|Founder||Former members of the local Junior Chamber of Commerce|
|Activity||Concerts, parades, street parties|
The Aloha Festivals are an annual series of free cultural celebrations observed in the state of Hawaii in the United States. It is the only statewide cultural festival in the nation. Highlights include the presentation of the Royal Court, a ho'olaule'a in Waikiki, and the Floral Parade. Approximately 30,000 people volunteer to plan, organize, and provide labor for the Aloha Festivals each year. Their efforts entertain over 1,000,000 people from throughout the state and visitors from all over the world.
In the spirit of preserving the Hawaiian culture and heritage, the Aloha Festivals were established in 1946 as Aloha Week by former members of the local Junior Chamber of Commerce. The former manager of the festivals, Goriann Akau, has said, "In 1946, after the war, Hawaiians needed an identity. We were lost and needed to regroup. When we started to celebrate our culture, we began to feel proud. We have a wonderful culture that had been buried for a number of years. This brought it out again. Self-esteem is more important than making a lot of money."
The festival was celebrated on six of Hawaii's islands, but in 2008 festival organizers decided to hold most events on Oahu due to a lack of funding. There was also the chance that the Floral Parade would be cancelled altogether, but it was saved by private donors and funds from the City and County of Honolulu.

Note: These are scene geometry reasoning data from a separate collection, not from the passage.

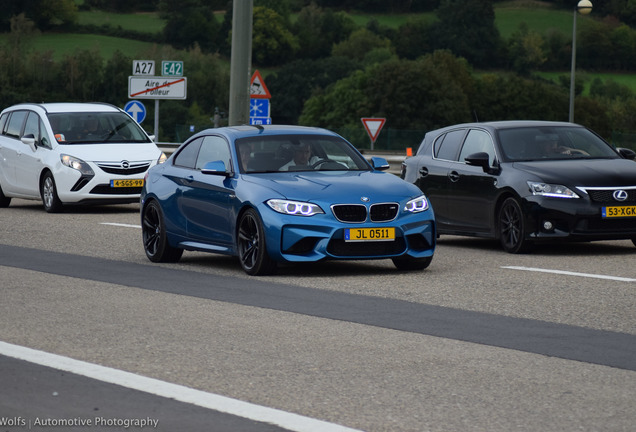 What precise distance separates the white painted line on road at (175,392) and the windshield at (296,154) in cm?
541

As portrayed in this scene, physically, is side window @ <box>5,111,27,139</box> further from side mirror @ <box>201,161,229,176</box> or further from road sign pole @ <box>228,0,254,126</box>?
side mirror @ <box>201,161,229,176</box>

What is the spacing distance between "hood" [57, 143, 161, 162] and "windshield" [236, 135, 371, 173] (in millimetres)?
8821

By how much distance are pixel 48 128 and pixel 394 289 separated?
41.8ft

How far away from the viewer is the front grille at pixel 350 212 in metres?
11.7

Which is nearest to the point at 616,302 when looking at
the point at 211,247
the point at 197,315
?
the point at 197,315

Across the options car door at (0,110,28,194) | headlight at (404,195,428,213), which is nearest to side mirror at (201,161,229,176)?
headlight at (404,195,428,213)

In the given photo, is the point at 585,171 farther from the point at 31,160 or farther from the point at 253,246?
the point at 31,160

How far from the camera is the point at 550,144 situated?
599 inches

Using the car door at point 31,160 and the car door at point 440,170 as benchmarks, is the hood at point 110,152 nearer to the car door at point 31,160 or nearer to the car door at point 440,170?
the car door at point 31,160

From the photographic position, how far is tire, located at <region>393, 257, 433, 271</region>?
12352mm

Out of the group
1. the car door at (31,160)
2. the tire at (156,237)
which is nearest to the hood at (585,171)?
the tire at (156,237)

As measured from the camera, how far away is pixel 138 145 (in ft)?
72.5

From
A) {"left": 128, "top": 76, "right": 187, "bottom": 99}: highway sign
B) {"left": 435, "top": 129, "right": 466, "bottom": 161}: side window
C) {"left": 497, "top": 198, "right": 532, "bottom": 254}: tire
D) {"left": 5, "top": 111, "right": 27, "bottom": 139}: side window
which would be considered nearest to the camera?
{"left": 497, "top": 198, "right": 532, "bottom": 254}: tire

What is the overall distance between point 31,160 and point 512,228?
1072 cm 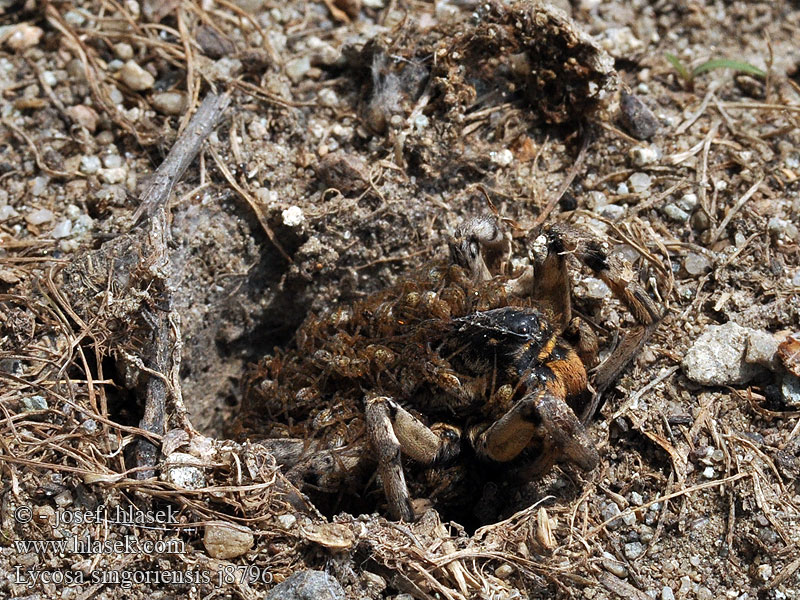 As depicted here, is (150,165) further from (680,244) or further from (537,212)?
(680,244)

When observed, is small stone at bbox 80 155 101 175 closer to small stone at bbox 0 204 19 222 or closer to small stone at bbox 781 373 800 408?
small stone at bbox 0 204 19 222

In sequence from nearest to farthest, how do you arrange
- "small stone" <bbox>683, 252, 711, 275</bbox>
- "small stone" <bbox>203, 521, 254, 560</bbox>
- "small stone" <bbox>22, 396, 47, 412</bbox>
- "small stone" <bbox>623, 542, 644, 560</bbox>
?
"small stone" <bbox>203, 521, 254, 560</bbox>, "small stone" <bbox>623, 542, 644, 560</bbox>, "small stone" <bbox>22, 396, 47, 412</bbox>, "small stone" <bbox>683, 252, 711, 275</bbox>

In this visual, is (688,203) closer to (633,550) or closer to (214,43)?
(633,550)

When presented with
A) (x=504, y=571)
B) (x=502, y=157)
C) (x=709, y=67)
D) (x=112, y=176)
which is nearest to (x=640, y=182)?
(x=502, y=157)

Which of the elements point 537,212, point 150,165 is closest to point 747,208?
point 537,212

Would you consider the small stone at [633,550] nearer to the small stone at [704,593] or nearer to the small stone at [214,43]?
the small stone at [704,593]

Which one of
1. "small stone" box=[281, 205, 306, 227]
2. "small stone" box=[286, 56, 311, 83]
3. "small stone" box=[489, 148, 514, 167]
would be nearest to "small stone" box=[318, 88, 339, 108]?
"small stone" box=[286, 56, 311, 83] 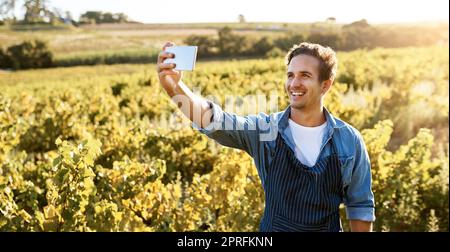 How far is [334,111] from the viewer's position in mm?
6566

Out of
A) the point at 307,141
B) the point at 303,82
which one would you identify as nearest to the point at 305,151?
the point at 307,141

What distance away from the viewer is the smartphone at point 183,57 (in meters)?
1.84

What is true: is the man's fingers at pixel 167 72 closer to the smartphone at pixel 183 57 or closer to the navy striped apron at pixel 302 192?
the smartphone at pixel 183 57

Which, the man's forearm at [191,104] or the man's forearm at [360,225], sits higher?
the man's forearm at [191,104]

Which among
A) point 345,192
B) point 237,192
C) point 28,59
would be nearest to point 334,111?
point 237,192

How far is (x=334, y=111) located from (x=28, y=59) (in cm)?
2676

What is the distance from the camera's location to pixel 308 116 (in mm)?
2174

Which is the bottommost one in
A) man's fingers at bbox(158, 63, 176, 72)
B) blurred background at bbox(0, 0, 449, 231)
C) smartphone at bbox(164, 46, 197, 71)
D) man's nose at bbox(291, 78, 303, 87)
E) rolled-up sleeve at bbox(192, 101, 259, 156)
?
blurred background at bbox(0, 0, 449, 231)

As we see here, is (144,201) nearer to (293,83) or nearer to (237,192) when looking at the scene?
(237,192)

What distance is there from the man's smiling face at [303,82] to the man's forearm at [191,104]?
33 centimetres

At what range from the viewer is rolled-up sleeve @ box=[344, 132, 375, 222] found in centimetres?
218

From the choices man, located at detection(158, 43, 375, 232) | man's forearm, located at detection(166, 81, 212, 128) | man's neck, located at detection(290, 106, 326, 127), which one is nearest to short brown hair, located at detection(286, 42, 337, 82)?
man, located at detection(158, 43, 375, 232)

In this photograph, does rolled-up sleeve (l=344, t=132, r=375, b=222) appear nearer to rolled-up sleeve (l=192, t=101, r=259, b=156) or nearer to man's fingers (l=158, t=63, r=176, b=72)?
rolled-up sleeve (l=192, t=101, r=259, b=156)

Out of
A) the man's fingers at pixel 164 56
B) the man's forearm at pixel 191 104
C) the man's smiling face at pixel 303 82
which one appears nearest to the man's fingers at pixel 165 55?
the man's fingers at pixel 164 56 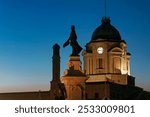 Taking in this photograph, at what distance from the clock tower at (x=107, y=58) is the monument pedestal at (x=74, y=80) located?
28557mm

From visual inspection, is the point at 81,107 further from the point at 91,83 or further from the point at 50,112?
the point at 91,83

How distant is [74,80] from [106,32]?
3016cm

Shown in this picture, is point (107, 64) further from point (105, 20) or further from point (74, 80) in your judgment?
point (74, 80)

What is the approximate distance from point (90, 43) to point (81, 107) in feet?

The court is selected from a pool of applicants, all of whom must be of Hawaiian ancestry and of certain ages. The festival itself begins with the presentation of the royal court during the opening ceremony. The ceremony takes place at Helumoa, a section of Waikiki near the Royal Hawaiian Center.
The Floral Parade starts at the intersection of Ala Moana Boulevard and Kamakee st. and goes through Waikiki before finishing at Kapiolani Park. The parade features p'au riders, marching bands, hula halaus, and that year's Aloha Festival Royal Court.